Even after 16 years in Washington.
Rothman was born in Englewood in 1952. His parents, Philip Rothman, who died in November at 90, and Muriel Fischer Rothman, were among the generation of mainly first-generation American Jewish philanthropists who built so many of the institutions that distinguish the northern New Jersey Jewish community. His father – who also was a literal builder, erecting offices and houses, including his own – helped start the local chapter of what many name-changes later became the Jewish Federation of Northern New Jersey, as well as the local chapter of Israel Bonds. He was on the board of the JCC when it was still on Tenafly Road in Englewood and later he was on the advisory committee as it built its building on East Clinton Avenue in Tenafly and changed its name to the JCC on the Palisades. His mother was the first president of the Bergen County chapter of ORT, and she spearheaded the effort to bring the Israeli youth symphony to the United States. (“One of the youngsters in the symphony was a teenager by the name of Yitzhak Perlman,” her son recalled.)
The Rothmans were members of Temple Sinai in Tenafly, and the family’s first trip to Israel was in 1968. “I never forgot many things about that trip, including the burnt-out shells of Soviet tanks we saw on the Golan Heights which had just been retaken by the Israeli Defense Forces in the ’67 war,” Steve Rothman said.
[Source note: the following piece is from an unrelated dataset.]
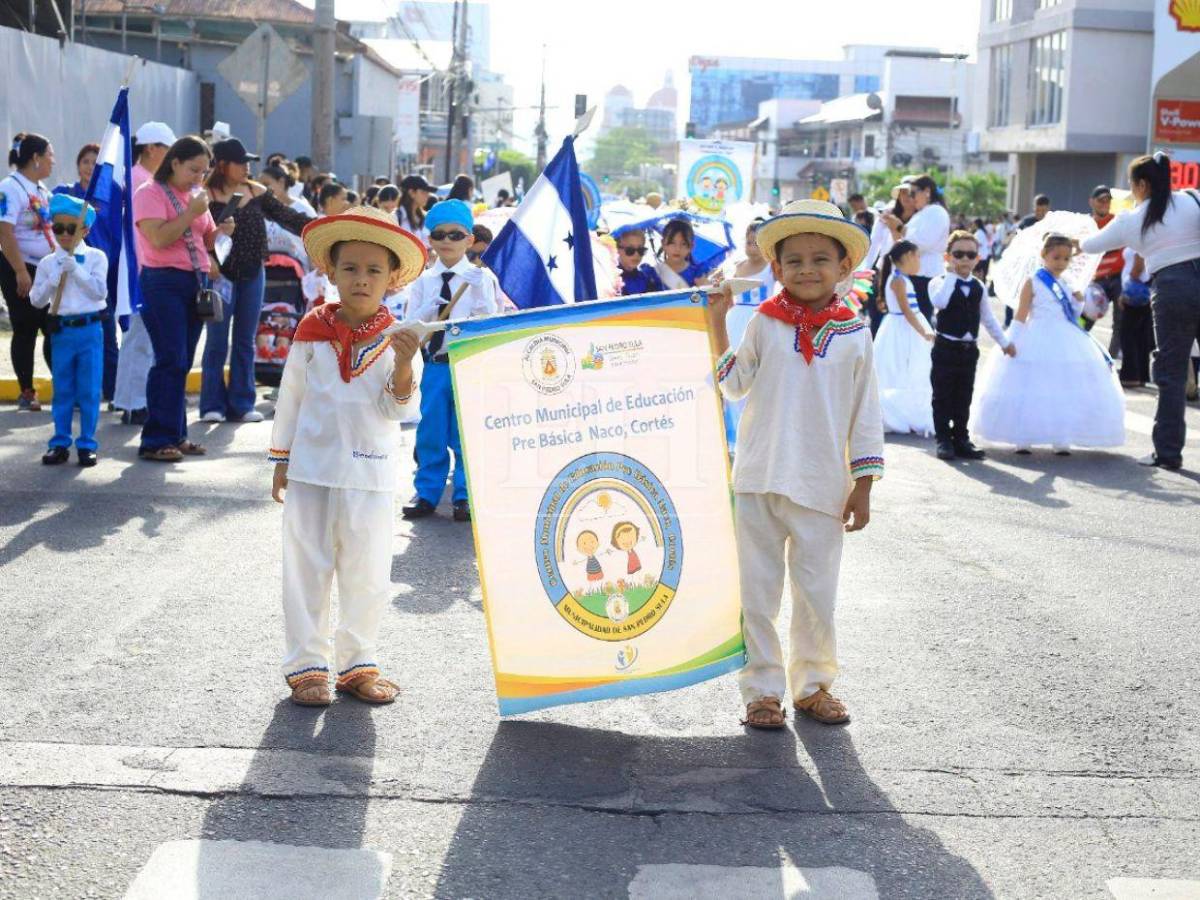 Escuelas inundan de color y fervor patriótico las calles de San Pedro Sula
The family moved from Englewood to Tenafly in time for Rothman to go to Tenafly High School.
Running and winning –
and then losing
Rothman next went to Syracuse University and then to Washington University School of Law – the school is in Missouri, and Rothman was very far west. Once he graduated, he headed back home to Englewood. Five years after his return, he ran for mayor, getting the nomination in a contested primary and then winning the general election. The job, which he held for two terms, paid $2,000 a year, so Rothman also worked as an attorney, first with a firm in Jersey City and then on his own, “above the barber shop in Depot Square,” he said. In 1992 Rothman ran for Bergen County Surrogate Court Judge, which, he said, is the only elected judgeship in the state. In 1996, “I was encouraged to seek Bob Torricelli’s open seat in Congress,” he said. (Torricelli ran for the Senate and won; his apparently shining career ended in scandal.) There was a three-way contest for the Democratic nomination, which Rothman won with 75 percent of the vote. From there, the general election was easy.
Rothman won eight elections to Congress, representing New Jersey’s ninth congressional district. His ninth run, though, presented him with a new set of problems. He was redistricted, and his base was taken out from under him. He had to decide where to run – in the fifth, where he lived (he’d moved from Wyckoff to Ridgewood to Fair Lawn), and he’d have to face a strong Republican, Rep. Scott Garrett, in the general election – or in the newly redrawn ninth, where his primary opponent would be his friend Rep. Bill Pascrell.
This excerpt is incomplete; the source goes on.